From May 2 – May 7, the Tactical Philanthropy Blog Team will be covering the Council on Foundations conference from Atlanta. The individual blog team members represent a range of opinions and have been given no editorial directions. The opinions expressed in these posts do not necessarily represent the opinions of Sean Stannard-Stockton.
By Paul Connolly, TCC Group
While talking and listening to a bunch of funders and experts at the Council on Foundations conference this week, I have been thinking a lot about how the means for keeping foundations accountable are rapidly expanding. Over the past century, lawmakers and regulators have been the major forces that have monitored foundation activity. The Foundation Center was founded in the 1950’s by philanthropies to increase transparency about foundation activities — to create "glass pockets." In the 1970’s, the National Committee for Responsive Philanthropy emerged to act as a watchdog for the field. More recently, the Center for Effective Philanthropy has provided helpful tools that have enabled foundations to do a better job assessing and reporting on their own work.
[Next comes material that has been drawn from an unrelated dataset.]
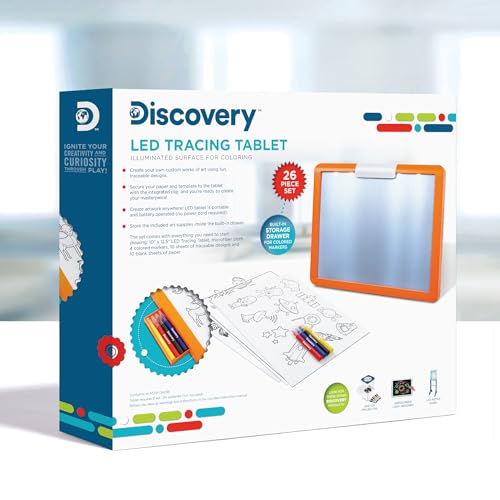 Discovery LED Tracing Tablet, 26-Piece Set with Washable Markers, Tracing & Template Sheets, Battery Powered Doodle Activity Lightboard, Kids Drawing & Sketching Portable Travel Art Set, Toy Gift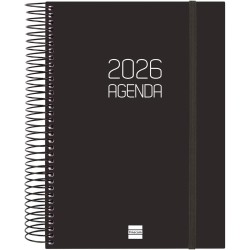 Finocam – Agenda Spirale 2026 1 Jour par page | Janvier – Décembre (12 mois) | Agenda annuel 2026 avec élastique | Couverture po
Lately, more grantmakers have, appropriately, become interested in scrutinizing the performance of their nonprofit grantees. A few have even hired independent journalists to objectively report on the effectiveness of certain nonprofit organizations. Yet fewer funders are comfortable evaluating their own capacity, behavior, and impact. How many philanthropic leaders would provide funding to enable an investigative journalist to examine the performance of their own foundation and have an unsanitized version of the report disseminated widely? Very few, I would guess.
New social media technologies will heighten the scrutiny of foundations by a broader range of engaged constituents. Online resources have emerged for rating nonprofit organizations, using the same bottom-up approach that has allowed customers to voice their opinions online about businesses on Yelp, Zagat, and Angie’s List. One of these sites, GreatNonprofits, enables donors and other stakeholders to review nonprofit groups, including ones that are great … and not-so-great. But there are no reviews of nonprofit grantmaking foundations on this site — yet. Online rating systems for foundations are bound to arrive soon. And public officials and critics will pay attention to them. With more and more people twittering on handheld devices these days, the amount of decentralized, real-time feedback for funders will inevitably grow. The power imbalance between funders and grantees will probably always exist, but dynamic technological tools will close the gap at least a little. Look out foundations, as Internet guru Clay Shirky says, here comes everybody.
Paul Connolly is Senior Vice President of TCC Group, a 30 year-old management consulting firm that provides planning, evaluation, grants management, and capacity building services to funders.
I think you bring up a great point here – everything is fair game now. It will certainly raise the bar in terms of performance of non-profit organizations everywhere. I, for one, think that’s a great thing.